Thanks for joining the fun this week! If you missed any of the amazing stories, go read them here. Finished? Great! Here's what the judge had to say:
These stories were great! The rotten watermelon smell really stayed with me, as did the annoyed ghost materializing from the writer's computer. I also loved the concept of the piano with a mystery ghost sold at auction and the mood set in the story with the rose quartz girl. Be careful with spelling errors, as they can be very distracting to the reader.
LETTER TO AMELIE by Mordea - The author creates a clear mood in this story; however, the plot is not totally clear. Is Amelie an actual ghost, or does the author just think of her whenever she sees the piano? Who is playing the piano? The first sentence is not as well integrated into the first paragraph as it could be.
STORY TIME by Audrey Gran Weinberg - Fabulous use of the story prompt. Enjoyed the bit about her naming her characters after her parents. Rachel's jump to the worry that she might be insane with the ghost's comment was a bit quick for me, especially after the nonchalant way she reacts to the chicken soup smell. This story is very clever, but would benefit with a bit more consistency. Maybe a hint to the reader that the chicken soup might be supernatural?
THE PIANO OWNER by Nada Adel - Loved the concept, although I would have like more detail about witches in your world. The story would also work without your writing that the house belonged to a witch. There is one moment where the story seems to go from third person limited to third person omniscient, when you write about the way that the others at the auction feel. Sheila and the ghost are both very well-realized and interesting characters, but I would have liked a bit more majesty in the last line, as "tunes" seems out of character for the Count, as well as for the music of Beethoven.
UNTITLED by Riham Adly - This story lacks a title. It sustains its melancholy mood very well, but has several spelling errors. I found the description of the piano keys as "checkered" to be a bit jarring, and I was confused by the rotating of the rose quartz pendulum, thinking "pendulums swing back and forth; they don't rotate." The use of quartz jewelry for communicating with spirits needs to be shown. I enjoyed the use of first person for the ghost. I could see this being lengthened into a short story for young adults.

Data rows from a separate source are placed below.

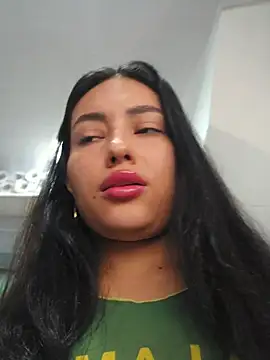 VioletRousee online show from 07/17/26, 02:13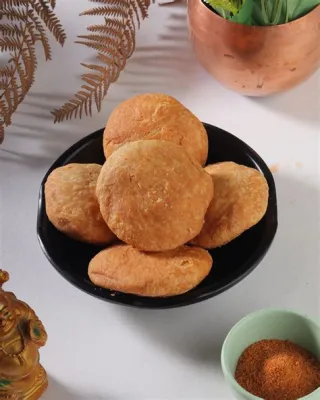  Khasta Kachori: A Symphony of Crispy Flakes and Savory Spice Blends!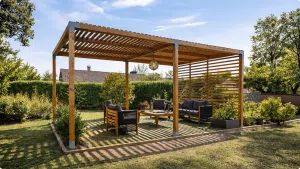 Aménagements de jardin en bois à monter soi-même 13 Pergola bois autoportante 4x4m en Douglas français avec brise-soleil et claustra latéral dans jardin résidentiel aménagé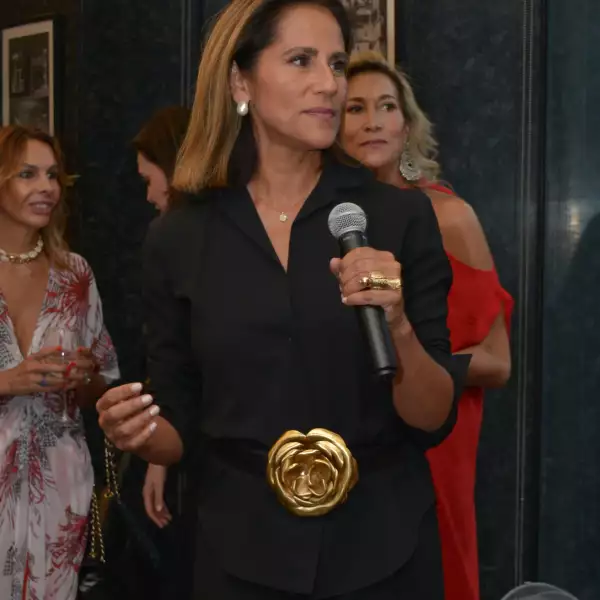 Compañia Saddy Abaunza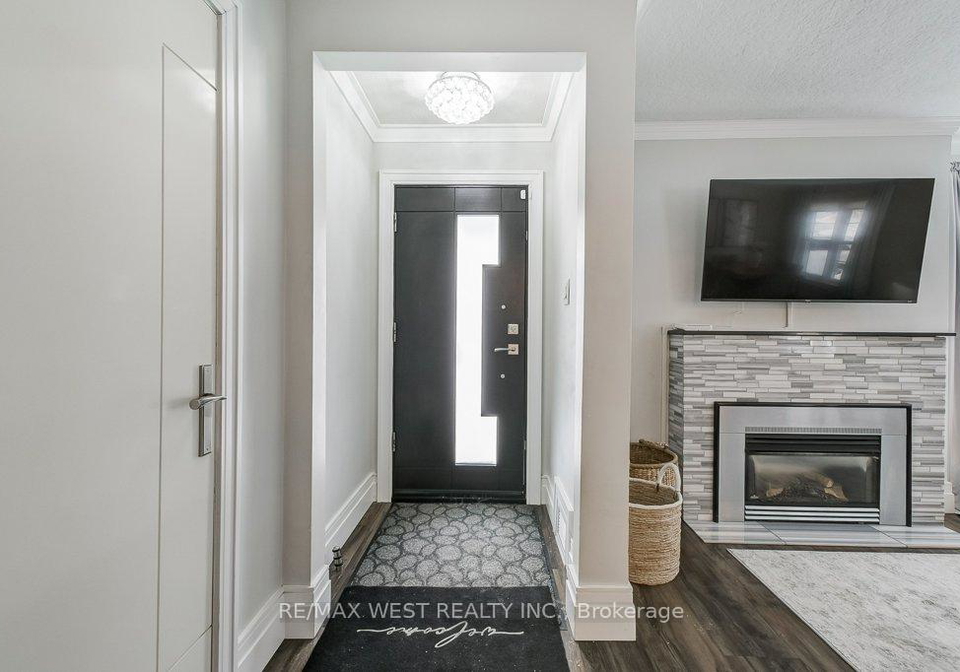 195-berry-road-etobicoke-ontario-w12736300
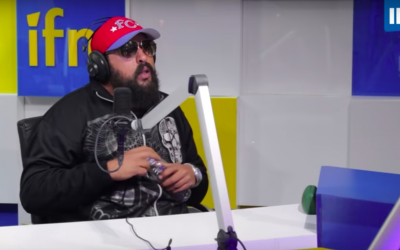 Capture d’écran de l’interview du rappeur tunisien DJ Costa à la radio IFM. (Crédit photo : Radio IFM/YouTube)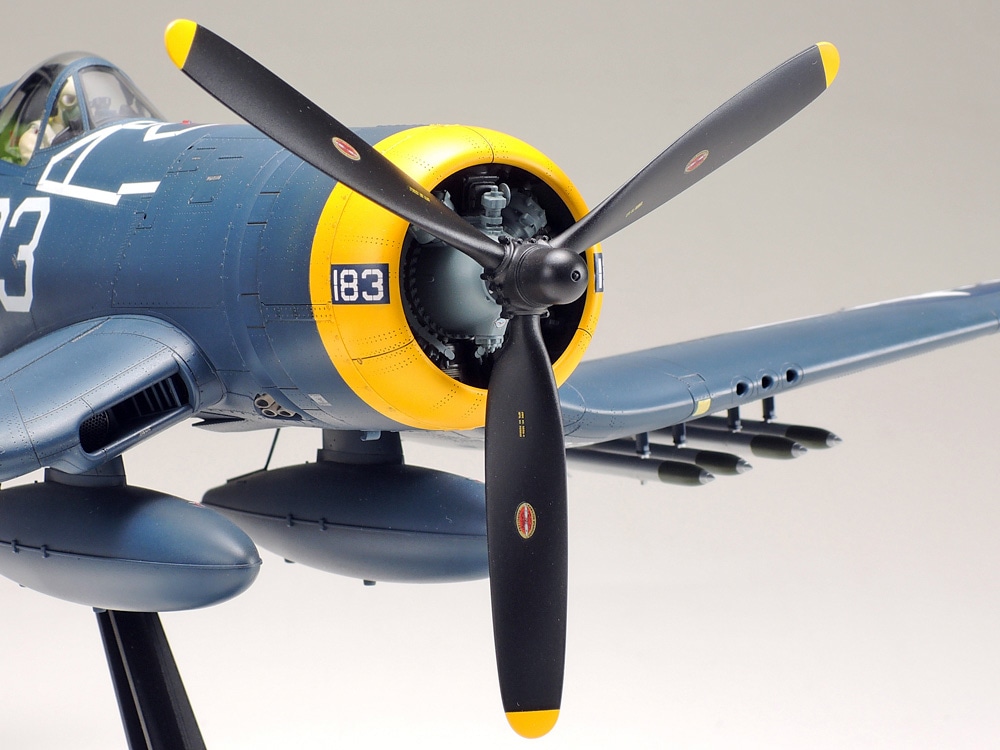 โมเดลเครื่องบิน Tamiya ขนาด 1/32 TA60327 Vought F4U-1D Corsair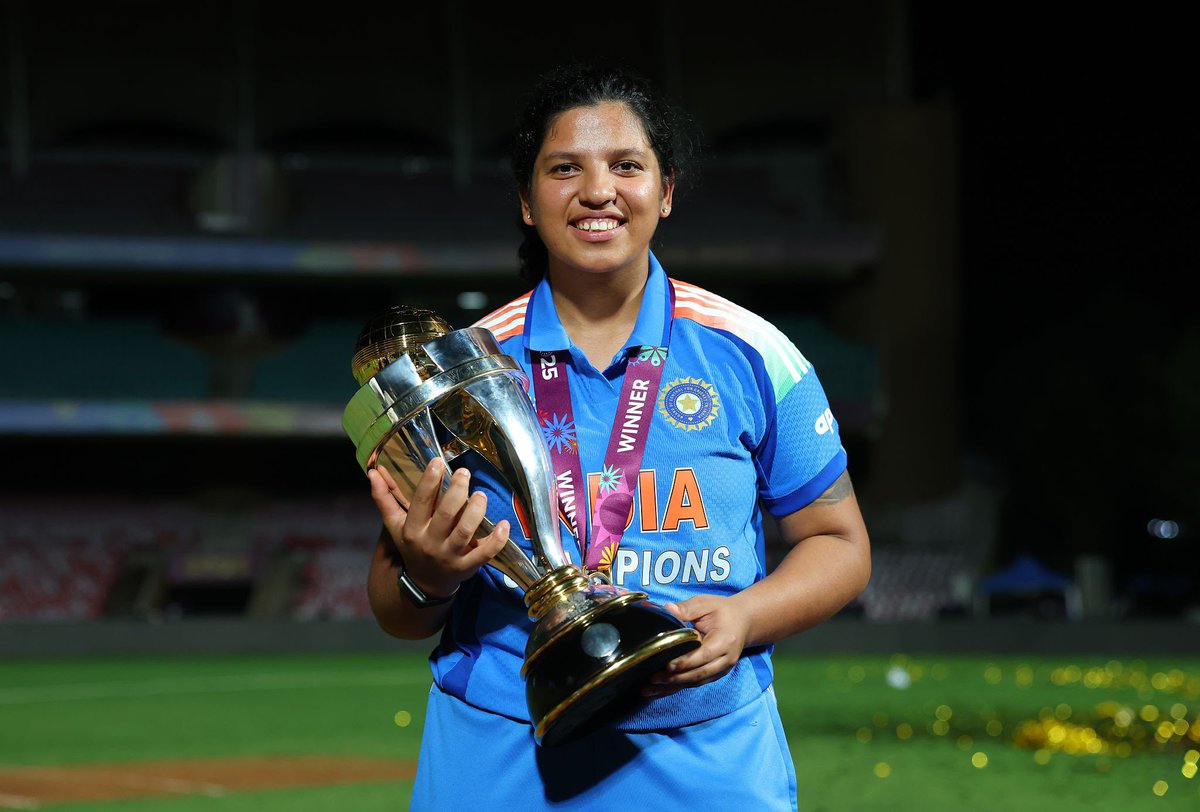 Tamal0401's tweet photo. Remember Richa Ghosh - Our very own #Indian #cricketer who made the nation proud on the world stage, brought the Cup home.  She is now facing scrutiny from the #ElectionCommissionofIndia. ECI has put her under #Bengal #SIR adjudication list. Basically doubtful if she is Indian! https://t.co/OgsqadxJrt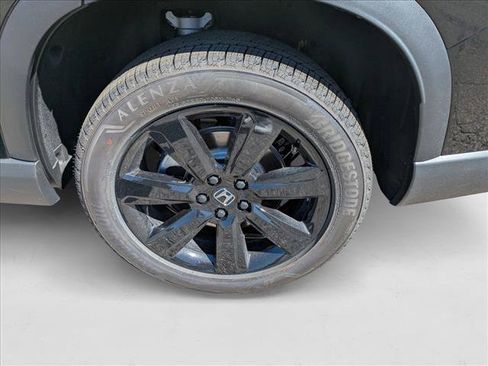 New 2025 Honda Pilot Black Edition image 9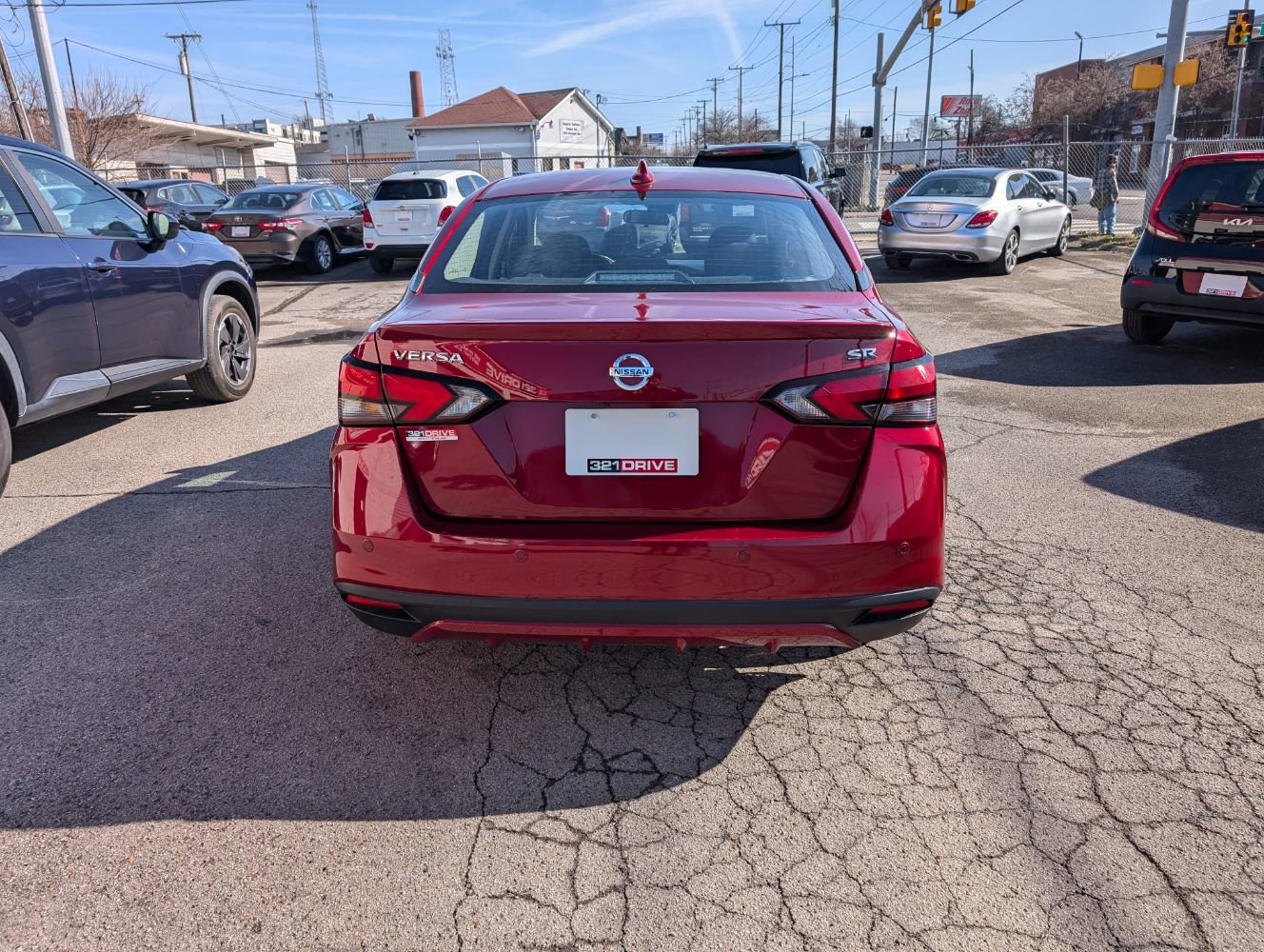 Used 2021 Nissan Versa SR FWD image 7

Special Challenge Champion
HOW TECHNOLOGY AND DO-IT-YOURSELF FISH TANKS CURSED THE GHOST OF THE PIANO
by Holly Geely
This story made me laugh out loud! I loved the mix of ghost story tropes (i.e. temperature dropping several degrees) and contemporary irreverence. I would have picked a title that left a little more of the concept to the imagination, as the ending to this story is quite delicious. Loved the rotten watermelon smell and Janet's voice. There were a couple of grammatical and spelling errors that were distracting for me. The last sentence was excellent. The way she described the ghost with all five senses sticks with the reader: the rotten watermelon, the draping pose on top of the piano, and the howls at her attitude. Great work!
AS DISTINCT AS MULBERRIES
by Patrick Stahl
This story is very well conceived and executed. The dialogue is clever and we get a feel for both the narrator and the ghost. The sensory detail fits seamlessly into the narrative, especially the smell of mulberries. I also loved the narrator's smelling the wet paint at the beginning of the story. The spooky but unexpected ending featuring the ghost's father and a mulberry worked perfectly. Congratulations!